» Problem description:
Every line from the opening of the records to the line with "Pop-Pop Candies oyunu" should be restated exactly, with both ends included and the pictures left out.

» Dataset records:
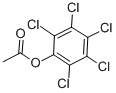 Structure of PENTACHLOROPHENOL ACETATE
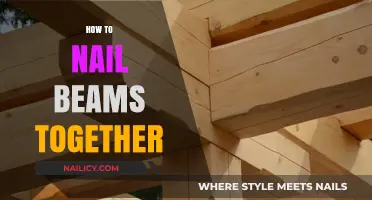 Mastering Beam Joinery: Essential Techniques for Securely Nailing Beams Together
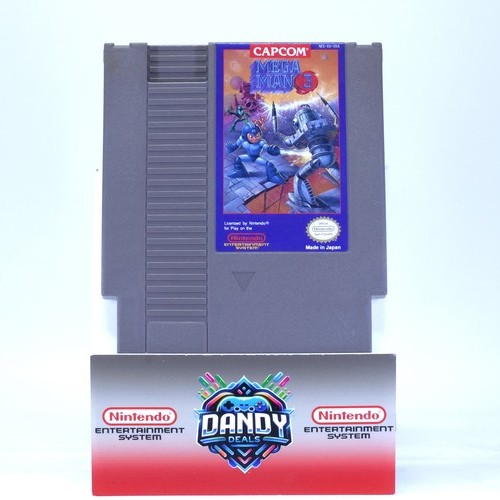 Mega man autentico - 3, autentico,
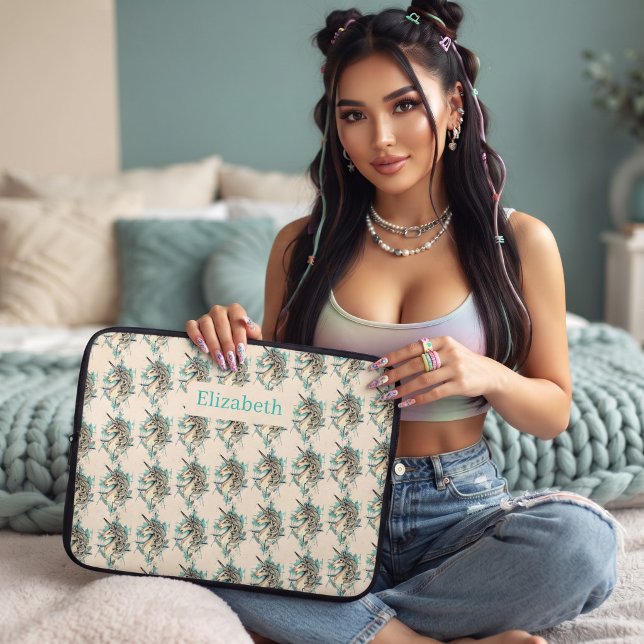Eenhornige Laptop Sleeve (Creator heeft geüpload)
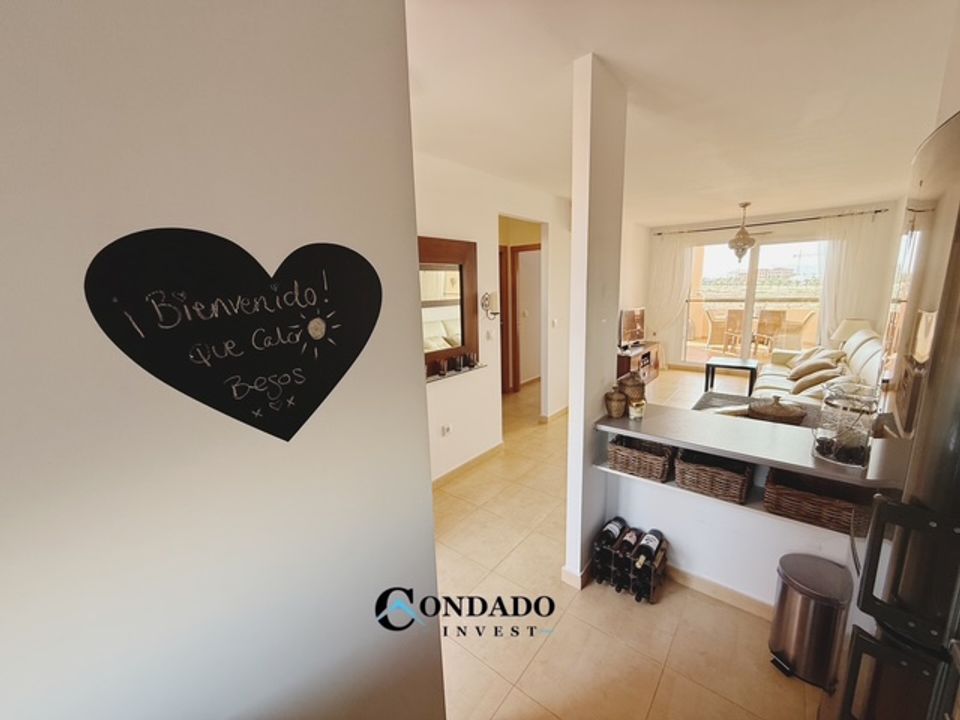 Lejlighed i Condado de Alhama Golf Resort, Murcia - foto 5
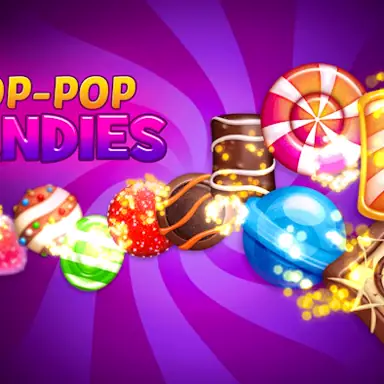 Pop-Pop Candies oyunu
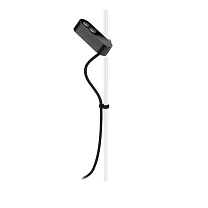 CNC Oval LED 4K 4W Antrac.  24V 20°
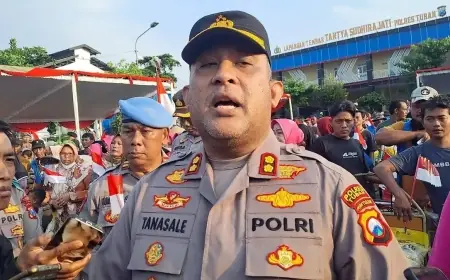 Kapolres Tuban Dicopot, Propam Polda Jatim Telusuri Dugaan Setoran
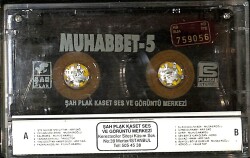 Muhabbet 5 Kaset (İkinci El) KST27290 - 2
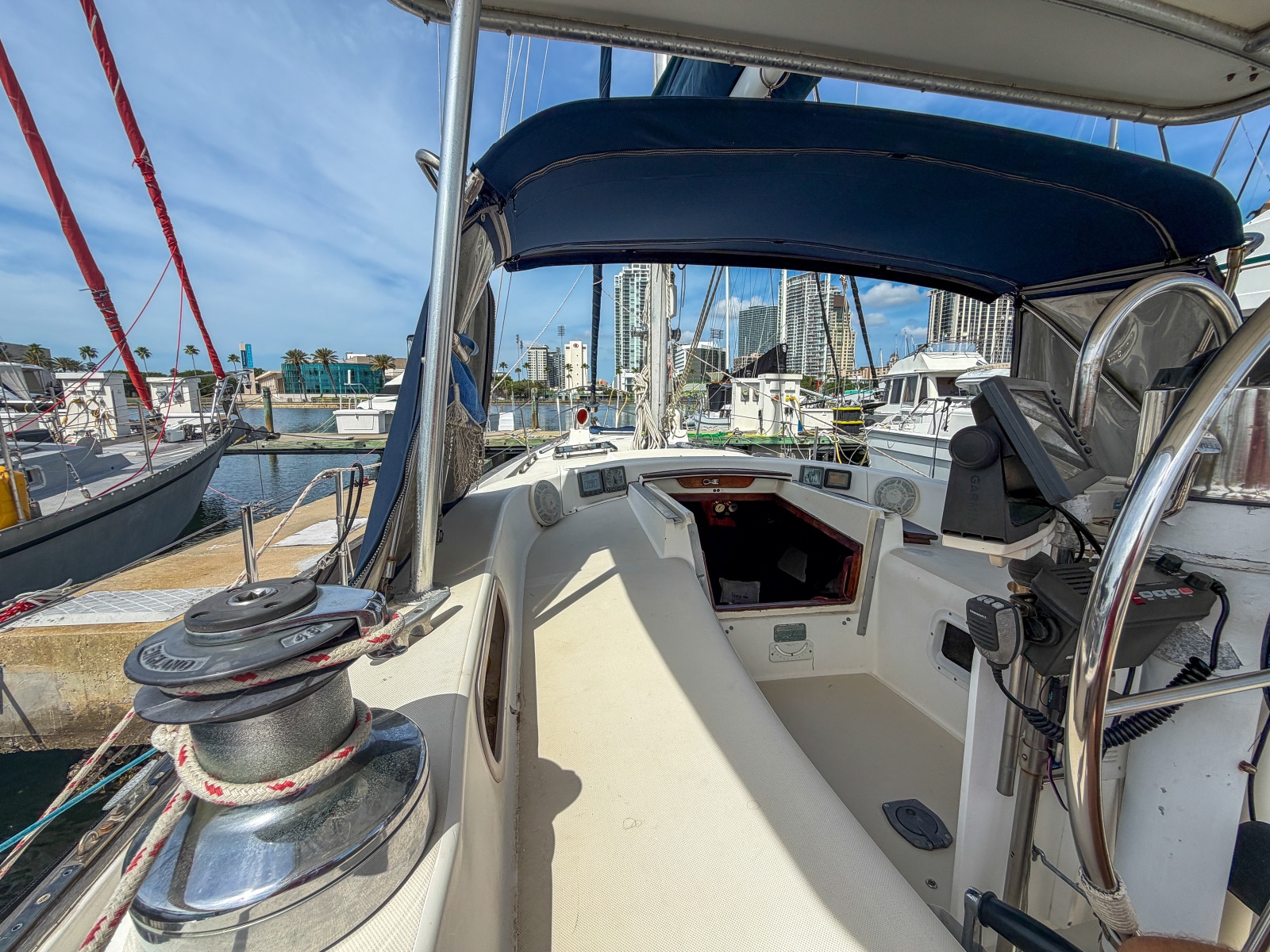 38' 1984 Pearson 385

» Response:
 Structure of PENTACHLOROPHENOL ACETATE
 Mastering Beam Joinery: Essential Techniques for Securely Nailing Beams Together
 Mega man autentico - 3, autentico,
Eenhornige Laptop Sleeve (Creator heeft geüpload)
 Lejlighed i Condado de Alhama Golf Resort, Murcia - foto 5
 Pop-Pop Candies oyunu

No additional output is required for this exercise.